> [Records shown]:
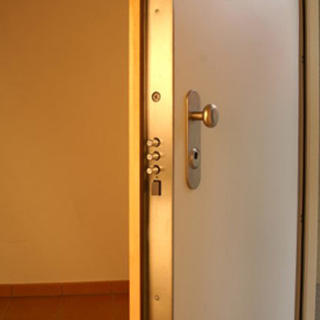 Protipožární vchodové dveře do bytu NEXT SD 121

...

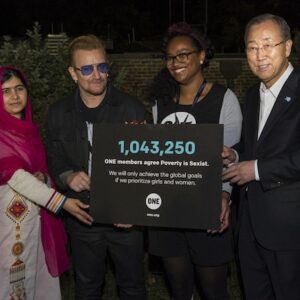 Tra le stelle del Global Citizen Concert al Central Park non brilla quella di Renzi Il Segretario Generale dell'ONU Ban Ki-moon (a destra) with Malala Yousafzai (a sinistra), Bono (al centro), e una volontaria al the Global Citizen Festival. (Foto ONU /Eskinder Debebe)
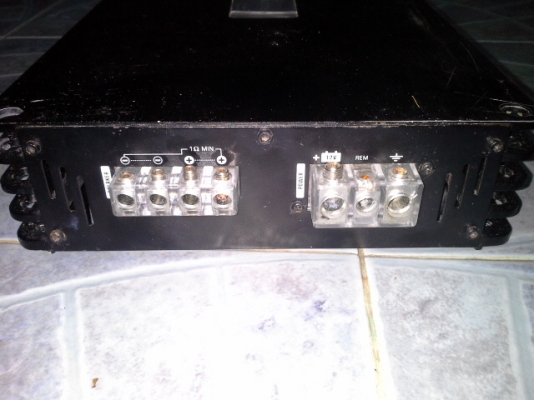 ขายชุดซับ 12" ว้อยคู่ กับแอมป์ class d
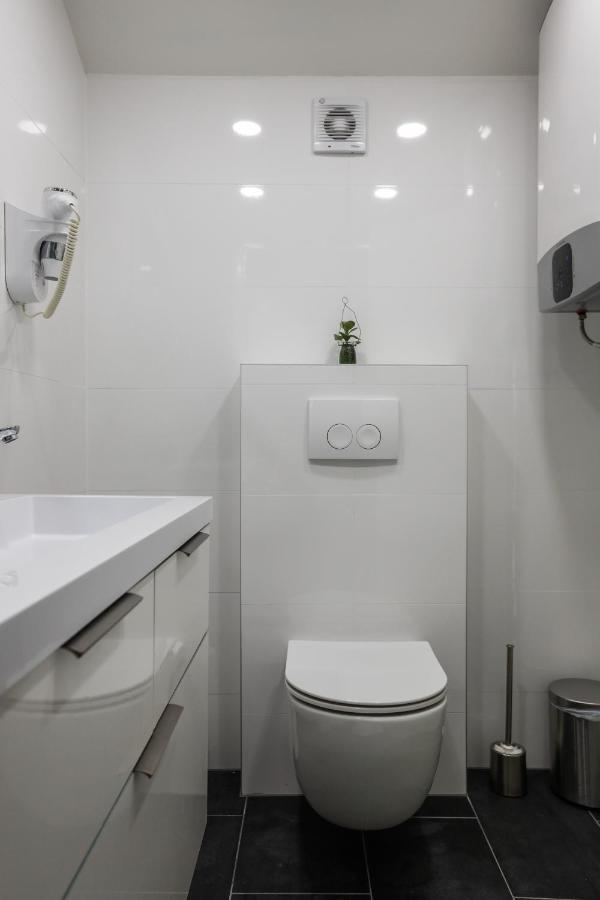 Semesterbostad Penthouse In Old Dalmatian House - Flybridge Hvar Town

> [Task statement]:
In the records above, find the line with "กับแอมป์ class d" and the line with "Semesterbostad Penthouse In". Write out exactly those lines and every one between, with no pictures and no other lines.

> [Solution to this problem]:
 ขายชุดซับ 12" ว้อยคู่ กับแอมป์ class d
 Semesterbostad Penthouse In Old Dalmatian House - Flybridge Hvar Town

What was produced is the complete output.